Dating apps like Hinge, Tinder, Match and Bumble offer incentives to people who have been punched.
The White House is pushing for a new reason to slide right: vaccination badges and “super slips” for people who have received their coronavirus shots.
On Friday, the administration of U.S. President Joe Biden said it is teaming up with dating apps to show the benefits of getting a shot.
Apps like Hinge, Tinder, Match, and Bumble offer special incentives to people who roll up their sleeves, including badges that show vaccination status and free access to premium content. BLK and Chispa will enhance the profiles of vaccinated people to make them more visible in the face of possible coincidences. And OkCupid will even allow users to filter out potential partners based on whether they’ve gotten a vaccine.
The White House says the apps will also direct users to learn how to get vaccinated, including connecting to educational materials and information on how to find the nearest vaccination site. The administration noted OkCupid’s investigation found that those who were already vaccinated or planned to do so received 14% more matches on the application.

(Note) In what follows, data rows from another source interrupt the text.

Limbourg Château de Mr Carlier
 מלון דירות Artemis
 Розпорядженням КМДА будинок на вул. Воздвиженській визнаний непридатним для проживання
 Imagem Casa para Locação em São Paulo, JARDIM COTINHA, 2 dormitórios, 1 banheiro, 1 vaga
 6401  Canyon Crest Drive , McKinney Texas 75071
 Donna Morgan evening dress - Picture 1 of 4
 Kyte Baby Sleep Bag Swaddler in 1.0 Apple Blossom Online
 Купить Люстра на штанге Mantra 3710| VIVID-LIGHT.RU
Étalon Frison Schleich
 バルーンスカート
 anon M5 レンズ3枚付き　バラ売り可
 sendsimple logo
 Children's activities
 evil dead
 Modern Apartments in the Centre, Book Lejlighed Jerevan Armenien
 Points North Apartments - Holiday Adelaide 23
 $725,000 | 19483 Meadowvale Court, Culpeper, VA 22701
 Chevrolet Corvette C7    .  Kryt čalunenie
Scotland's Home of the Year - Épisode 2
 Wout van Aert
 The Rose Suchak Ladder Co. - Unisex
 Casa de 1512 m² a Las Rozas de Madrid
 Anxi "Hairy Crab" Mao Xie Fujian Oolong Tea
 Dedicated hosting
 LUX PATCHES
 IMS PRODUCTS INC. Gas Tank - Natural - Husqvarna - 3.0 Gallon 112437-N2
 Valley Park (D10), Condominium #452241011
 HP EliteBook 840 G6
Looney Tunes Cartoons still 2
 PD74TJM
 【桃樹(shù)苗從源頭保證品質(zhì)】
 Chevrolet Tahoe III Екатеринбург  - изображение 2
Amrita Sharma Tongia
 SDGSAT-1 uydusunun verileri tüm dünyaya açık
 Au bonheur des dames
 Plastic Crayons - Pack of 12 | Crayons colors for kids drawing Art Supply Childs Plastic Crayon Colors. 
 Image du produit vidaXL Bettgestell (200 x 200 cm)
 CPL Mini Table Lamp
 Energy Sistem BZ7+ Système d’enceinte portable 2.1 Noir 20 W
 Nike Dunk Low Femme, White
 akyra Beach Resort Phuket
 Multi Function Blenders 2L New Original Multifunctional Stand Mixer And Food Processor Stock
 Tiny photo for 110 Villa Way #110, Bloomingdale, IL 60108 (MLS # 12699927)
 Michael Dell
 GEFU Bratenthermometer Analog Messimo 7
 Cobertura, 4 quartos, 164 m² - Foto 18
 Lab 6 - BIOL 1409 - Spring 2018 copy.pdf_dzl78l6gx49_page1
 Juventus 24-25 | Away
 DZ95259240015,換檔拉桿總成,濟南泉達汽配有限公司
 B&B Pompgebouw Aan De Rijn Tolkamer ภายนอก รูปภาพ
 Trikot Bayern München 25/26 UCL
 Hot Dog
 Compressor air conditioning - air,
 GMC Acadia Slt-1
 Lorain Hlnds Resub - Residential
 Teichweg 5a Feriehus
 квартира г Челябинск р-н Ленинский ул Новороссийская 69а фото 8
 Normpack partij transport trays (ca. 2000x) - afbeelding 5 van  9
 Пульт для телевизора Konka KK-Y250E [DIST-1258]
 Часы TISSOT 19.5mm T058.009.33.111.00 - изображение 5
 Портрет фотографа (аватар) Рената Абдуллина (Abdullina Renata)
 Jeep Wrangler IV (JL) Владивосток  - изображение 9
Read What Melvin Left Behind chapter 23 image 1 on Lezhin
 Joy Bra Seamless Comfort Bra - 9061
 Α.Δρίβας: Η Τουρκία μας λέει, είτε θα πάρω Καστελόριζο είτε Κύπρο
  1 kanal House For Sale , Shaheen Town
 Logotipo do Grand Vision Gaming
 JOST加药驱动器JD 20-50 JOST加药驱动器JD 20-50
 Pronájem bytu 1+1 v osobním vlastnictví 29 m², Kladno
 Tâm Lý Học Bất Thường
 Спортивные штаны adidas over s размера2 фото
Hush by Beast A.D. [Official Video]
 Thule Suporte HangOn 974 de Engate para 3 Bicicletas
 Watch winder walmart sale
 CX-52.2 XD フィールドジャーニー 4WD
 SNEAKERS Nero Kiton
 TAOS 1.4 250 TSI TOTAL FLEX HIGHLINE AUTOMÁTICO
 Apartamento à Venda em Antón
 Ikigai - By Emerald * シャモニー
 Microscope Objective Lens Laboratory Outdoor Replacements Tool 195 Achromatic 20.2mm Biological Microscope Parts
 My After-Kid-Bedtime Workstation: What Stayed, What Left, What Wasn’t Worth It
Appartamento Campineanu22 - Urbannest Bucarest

“We’ve finally found the one thing that makes us most appealing: vaccination,” said Andy Slavitt, a White House COVID-19 advisor.
Warning: Like the stated age or height of the scheduled date, there is no way to verify the vaccination status of users of the dating app.
The administration is stepping up its efforts to keep up with the demand for COVID-19 gunfire as U.S. President Joe Biden seeks to meet its goal of delivering at least a dose to 70 percent of adult Americans by July 4th. 60.5 percent of the adult population.
Other promotional efforts include free travel to and from the vaccination sites of travel sharing companies Uber and Lyft, corporate giveaways and state lotteries that offer possible cash prizes to lucky vaccinated people.
Incentives have helped increase the rate of first vaccines from a minimum of about 551,000 daily to more than 630,000, according to the U.S. Centers for Disease Control and Prevention.